Although all temperate nut species can be grown in most parts of the continent, not all will thrive or produce nuts in each area. The goals of the homeowner, hobbyist, and professional nutgrower will vary signficantly.
Yard plantings are often space-limited or potential spots are predetermined. Although in one's lifetime it may not be as much of an issue, keeping a pecan or walnut tree a reasonable size will be more difficult than a most chestnut or hazelnuts (which are often shrubby.) If a site is pre-determined, and doesn't get as much sun, hazelnuts should be considered.
For all, the nut species must be suited to location. For example, pecans will grow and produce a nice shade tree with beautiful fall colors anywhere in the country, but may not have the growing season to produce nuts if planted in the north. English walnuts tend to leaf out earlier in the spring than other nuts, so locations with late spring frosts can be damaging. Chestnuts generally demand an acidic soil.

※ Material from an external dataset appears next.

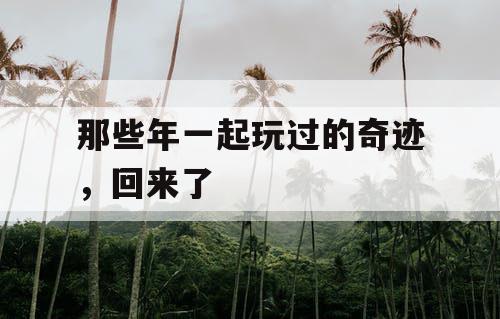 那些年一起玩过的奇迹，回来了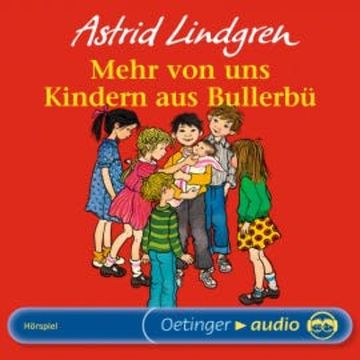 Mehr von uns Kindern aus Bullerbü audiobook, Astrid Lindgren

But these species-specific traits can often be worked around. Some pecans are native to southeast Iowa, naturally tolerating a shorter growing season. There are English walnuts that tend to leaf out later in the spring. In addition, planting on north or east facing slopes can delay the process. And to get chestnuts to grow, only part of the soil needs to be amended to make it more acidic. In addition, for any species, several nuts can be planted, and one tree selected, for whatever trait is desired (cold tolerance, compatibility with local soils, etc.)